**The task**
Every entry that follows should be written out again exactly.

(Dataset items)
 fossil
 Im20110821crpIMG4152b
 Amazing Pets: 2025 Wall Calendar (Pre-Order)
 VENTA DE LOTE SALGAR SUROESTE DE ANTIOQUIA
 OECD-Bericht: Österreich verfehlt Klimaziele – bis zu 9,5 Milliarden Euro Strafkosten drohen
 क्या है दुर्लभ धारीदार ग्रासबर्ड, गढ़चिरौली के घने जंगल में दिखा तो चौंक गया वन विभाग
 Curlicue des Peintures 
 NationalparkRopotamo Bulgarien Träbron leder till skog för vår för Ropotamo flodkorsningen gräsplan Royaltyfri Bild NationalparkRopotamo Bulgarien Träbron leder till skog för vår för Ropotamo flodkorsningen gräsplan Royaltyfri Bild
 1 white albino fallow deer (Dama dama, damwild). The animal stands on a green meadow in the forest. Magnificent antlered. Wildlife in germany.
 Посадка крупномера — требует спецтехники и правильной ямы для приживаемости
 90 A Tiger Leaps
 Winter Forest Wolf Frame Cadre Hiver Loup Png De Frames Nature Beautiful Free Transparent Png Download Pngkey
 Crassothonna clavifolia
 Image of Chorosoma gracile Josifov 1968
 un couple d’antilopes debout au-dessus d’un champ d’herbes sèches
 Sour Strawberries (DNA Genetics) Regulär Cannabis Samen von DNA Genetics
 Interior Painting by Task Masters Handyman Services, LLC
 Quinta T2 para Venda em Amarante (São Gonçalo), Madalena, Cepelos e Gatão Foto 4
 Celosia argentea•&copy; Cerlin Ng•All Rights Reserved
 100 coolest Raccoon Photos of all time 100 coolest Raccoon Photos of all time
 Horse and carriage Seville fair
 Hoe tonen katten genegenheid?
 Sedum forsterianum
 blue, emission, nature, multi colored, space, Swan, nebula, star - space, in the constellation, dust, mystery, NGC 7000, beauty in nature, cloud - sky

**Output below**
 fossil
 Im20110821crpIMG4152b
 Amazing Pets: 2025 Wall Calendar (Pre-Order)
 VENTA DE LOTE SALGAR SUROESTE DE ANTIOQUIA
 OECD-Bericht: Österreich verfehlt Klimaziele – bis zu 9,5 Milliarden Euro Strafkosten drohen
 क्या है दुर्लभ धारीदार ग्रासबर्ड, गढ़चिरौली के घने जंगल में दिखा तो चौंक गया वन विभाग
 Curlicue des Peintures 
 NationalparkRopotamo Bulgarien Träbron leder till skog för vår för Ropotamo flodkorsningen gräsplan Royaltyfri Bild NationalparkRopotamo Bulgarien Träbron leder till skog för vår för Ropotamo flodkorsningen gräsplan Royaltyfri Bild
 1 white albino fallow deer (Dama dama, damwild). The animal stands on a green meadow in the forest. Magnificent antlered. Wildlife in germany.
 Посадка крупномера — требует спецтехники и правильной ямы для приживаемости
 90 A Tiger Leaps
 Winter Forest Wolf Frame Cadre Hiver Loup Png De Frames Nature Beautiful Free Transparent Png Download Pngkey
 Crassothonna clavifolia
 Image of Chorosoma gracile Josifov 1968
 un couple d’antilopes debout au-dessus d’un champ d’herbes sèches
 Sour Strawberries (DNA Genetics) Regulär Cannabis Samen von DNA Genetics
 Interior Painting by Task Masters Handyman Services, LLC
 Quinta T2 para Venda em Amarante (São Gonçalo), Madalena, Cepelos e Gatão Foto 4
 Celosia argentea•&copy; Cerlin Ng•All Rights Reserved
 100 coolest Raccoon Photos of all time 100 coolest Raccoon Photos of all time
 Horse and carriage Seville fair
 Hoe tonen katten genegenheid?
 Sedum forsterianum
 blue, emission, nature, multi colored, space, Swan, nebula, star - space, in the constellation, dust, mystery, NGC 7000, beauty in nature, cloud - sky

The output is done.